Start with the line that holds "Car air vent". Please copy it and each remaining line below exactly, leaving pictures out.

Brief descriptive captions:

********

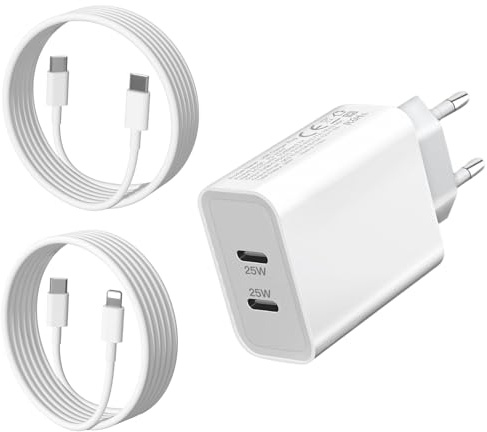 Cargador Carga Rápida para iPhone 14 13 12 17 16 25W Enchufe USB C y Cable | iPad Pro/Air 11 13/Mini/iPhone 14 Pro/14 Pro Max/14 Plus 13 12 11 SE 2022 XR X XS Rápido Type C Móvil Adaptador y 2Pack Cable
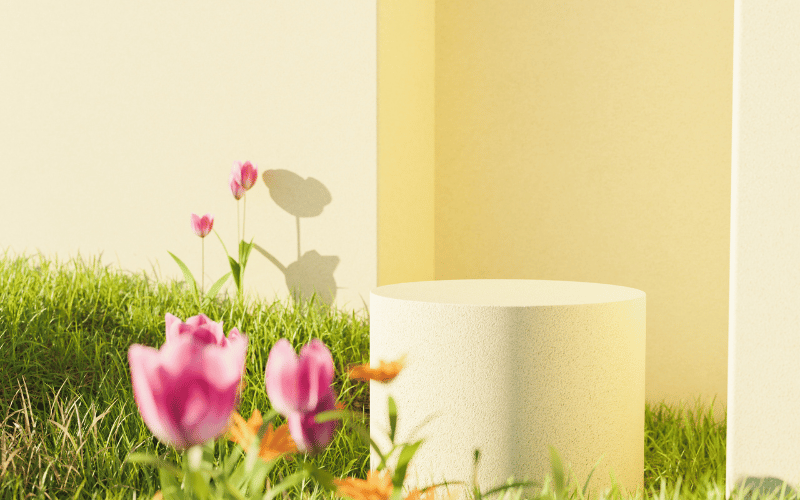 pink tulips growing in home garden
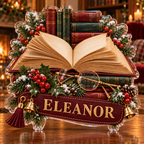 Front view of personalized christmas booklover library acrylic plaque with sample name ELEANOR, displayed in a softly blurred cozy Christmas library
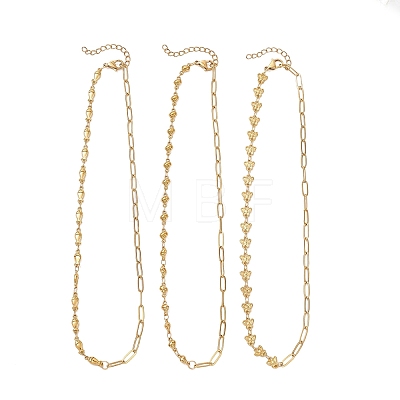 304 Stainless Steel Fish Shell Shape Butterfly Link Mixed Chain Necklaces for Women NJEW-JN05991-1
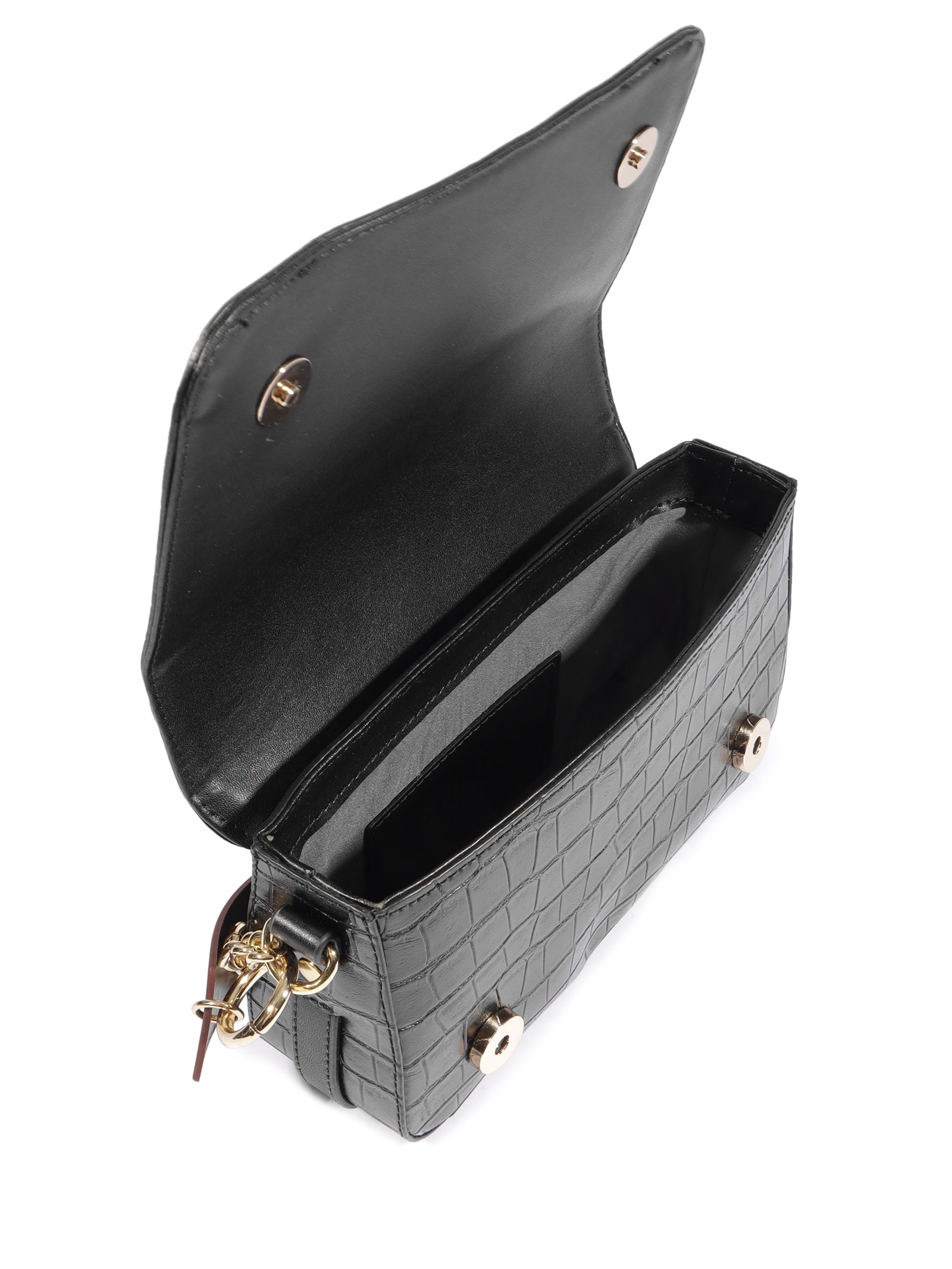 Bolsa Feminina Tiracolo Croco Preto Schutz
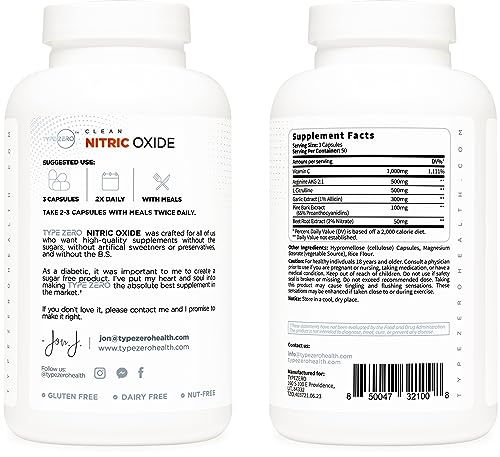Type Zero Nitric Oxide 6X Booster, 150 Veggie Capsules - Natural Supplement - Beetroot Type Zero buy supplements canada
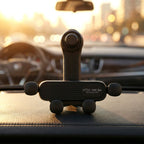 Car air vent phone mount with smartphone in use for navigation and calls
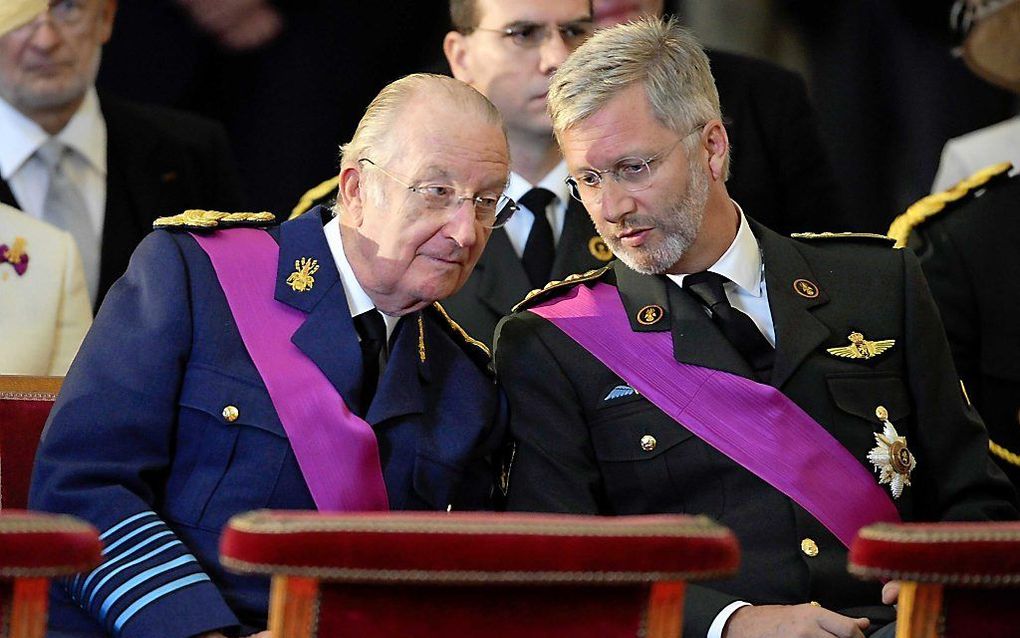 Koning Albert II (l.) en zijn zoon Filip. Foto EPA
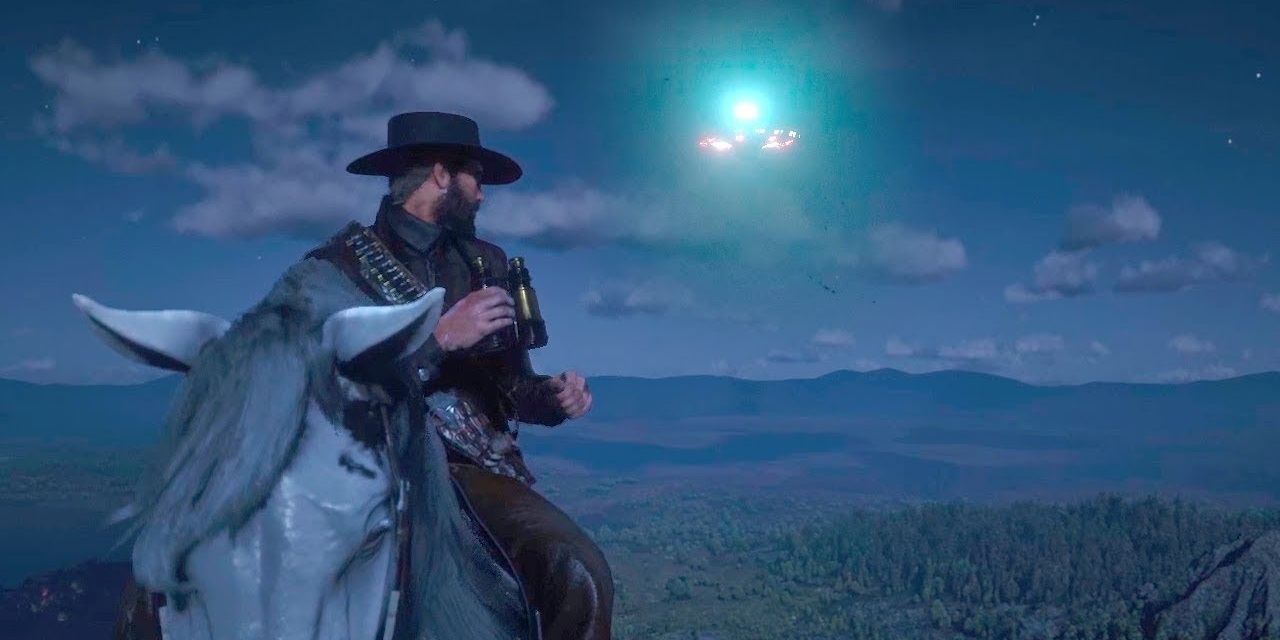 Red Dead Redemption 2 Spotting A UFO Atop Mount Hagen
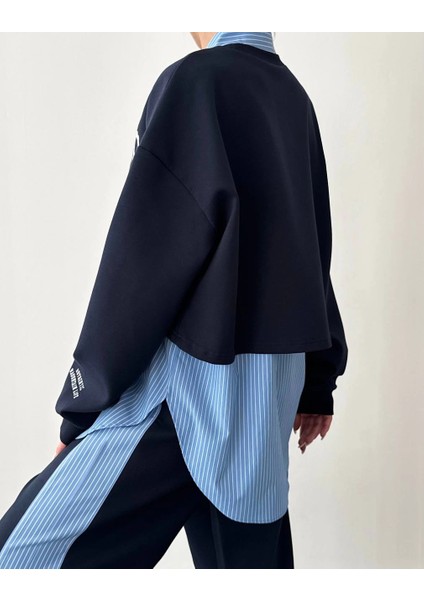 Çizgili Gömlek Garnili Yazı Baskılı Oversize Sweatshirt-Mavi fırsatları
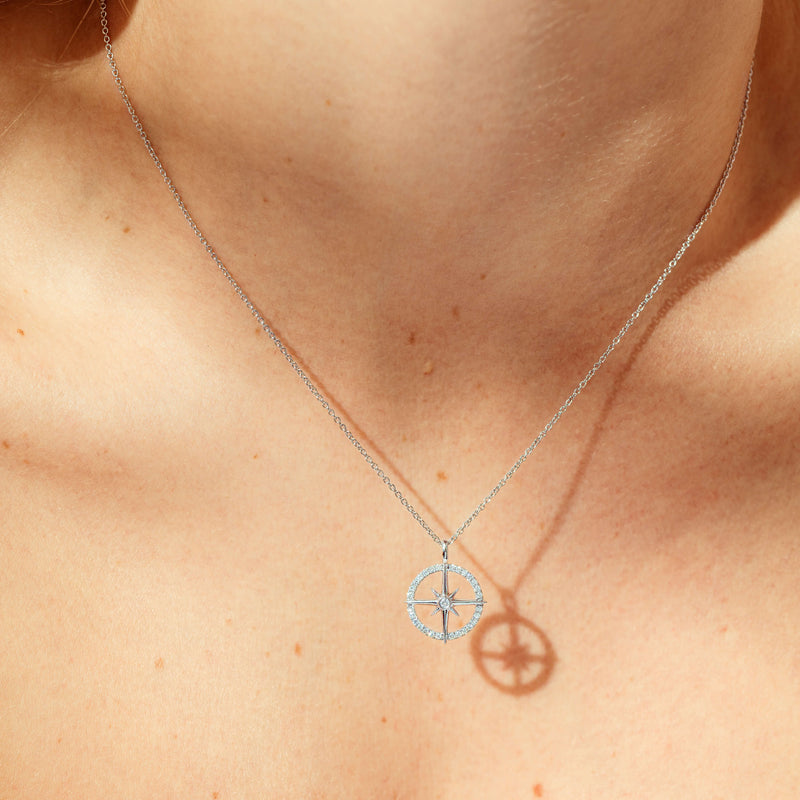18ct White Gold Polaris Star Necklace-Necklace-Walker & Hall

********

_RESPONSE FOR THIS EXERCISE:_
 Car air vent phone mount with smartphone in use for navigation and calls
 Koning Albert II (l.) en zijn zoon Filip. Foto EPA
 Red Dead Redemption 2 Spotting A UFO Atop Mount Hagen
 Çizgili Gömlek Garnili Yazı Baskılı Oversize Sweatshirt-Mavi fırsatları
18ct White Gold Polaris Star Necklace-Necklace-Walker & Hall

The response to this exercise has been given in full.